▸ Your assignment
What you give back should be exactly the lines from the one with "Kwak's Long Lasting" through the end of the data, without the pictures.

▸ Recorded data
= Beginning of Section =

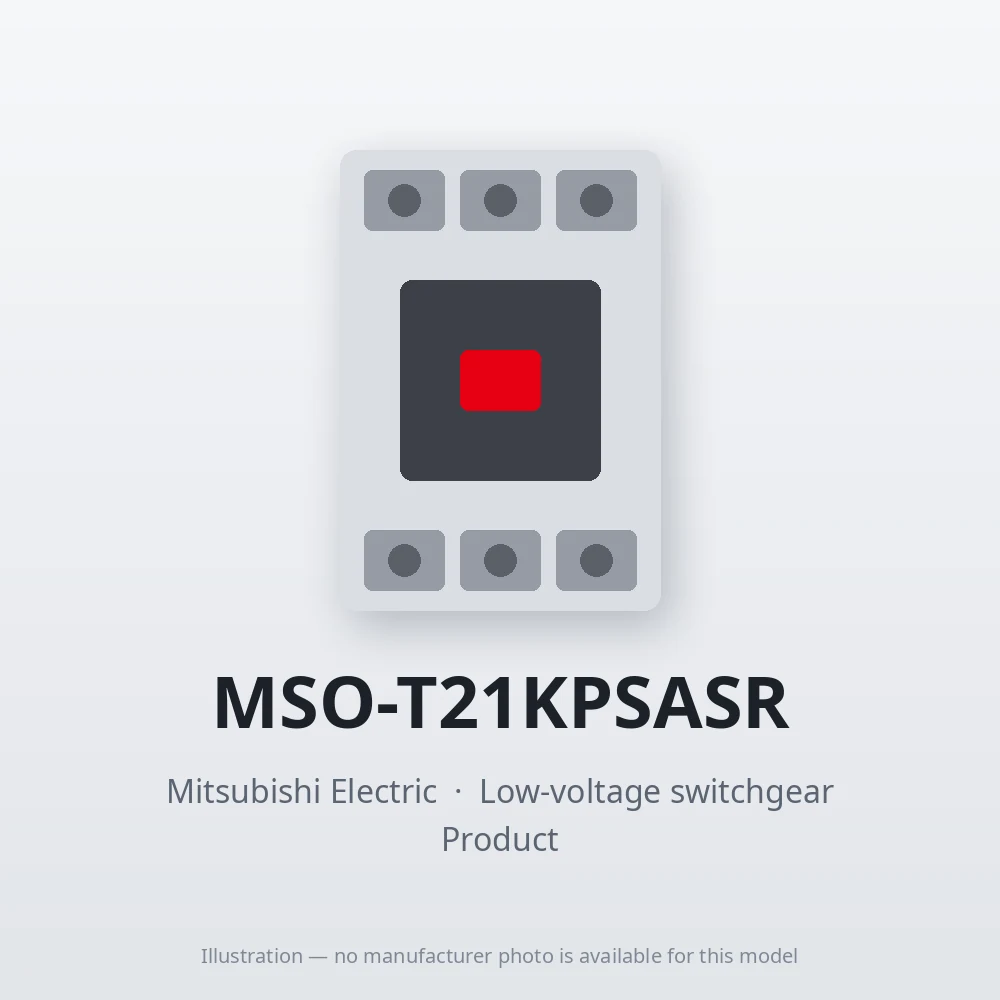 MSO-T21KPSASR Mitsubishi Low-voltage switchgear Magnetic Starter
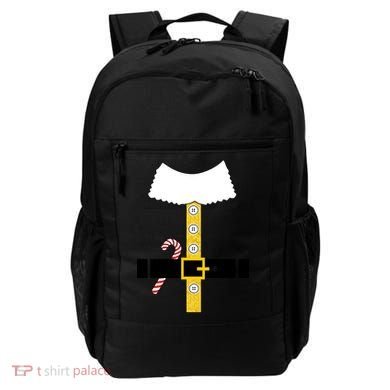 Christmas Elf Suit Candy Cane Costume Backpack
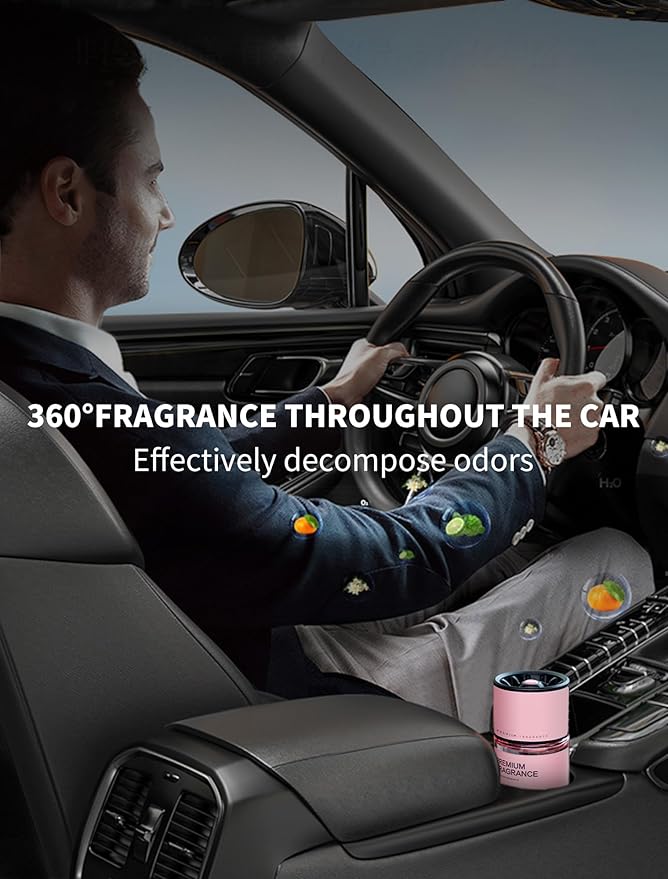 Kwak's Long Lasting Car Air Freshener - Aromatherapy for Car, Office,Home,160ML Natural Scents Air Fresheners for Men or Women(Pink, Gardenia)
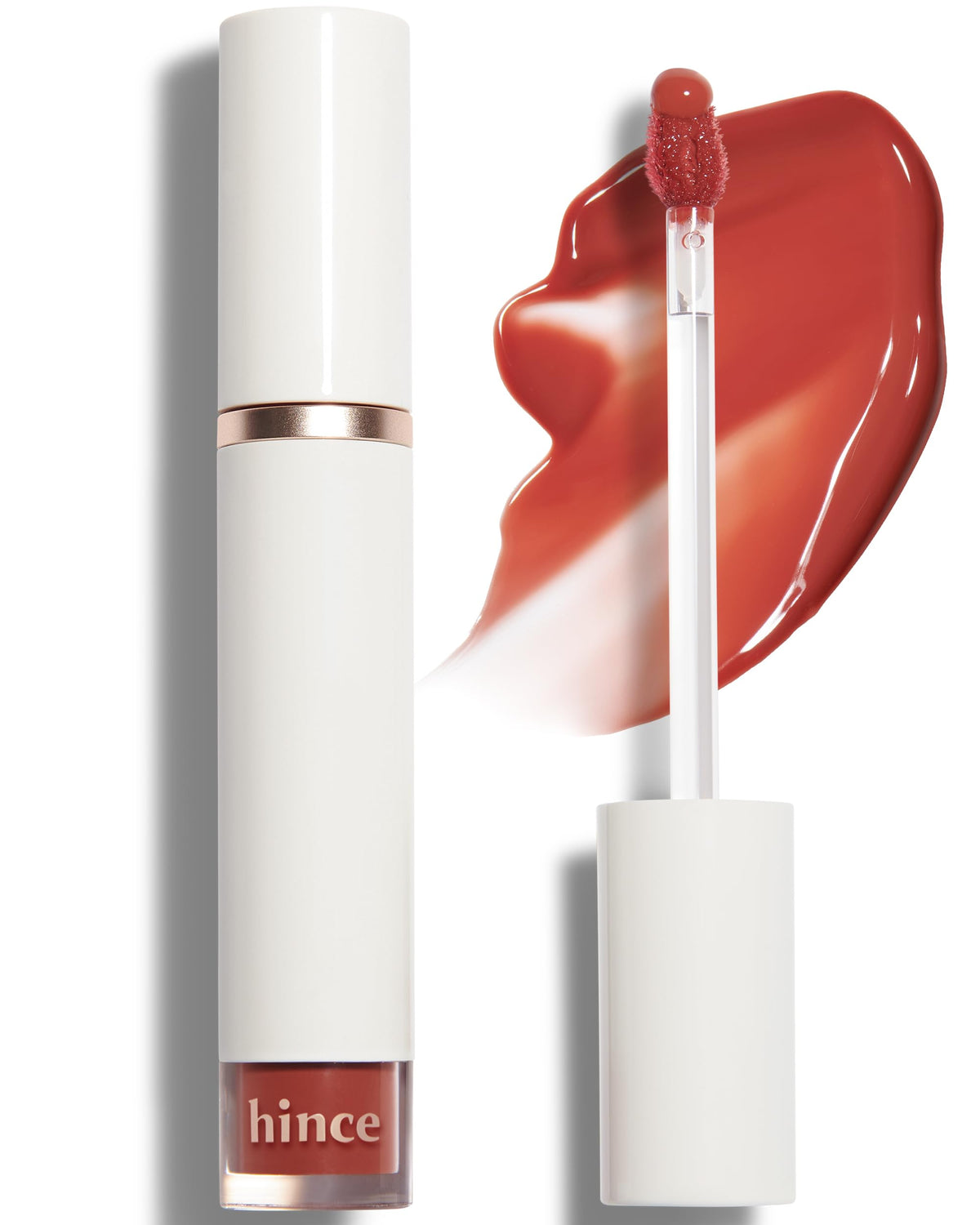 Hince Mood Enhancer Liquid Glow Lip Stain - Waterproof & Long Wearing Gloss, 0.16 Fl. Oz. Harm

= End of Section =

▸ Solution to this task
 Kwak's Long Lasting Car Air Freshener - Aromatherapy for Car, Office,Home,160ML Natural Scents Air Fresheners for Men or Women(Pink, Gardenia)
 Hince Mood Enhancer Liquid Glow Lip Stain - Waterproof & Long Wearing Gloss, 0.16 Fl. Oz. Harm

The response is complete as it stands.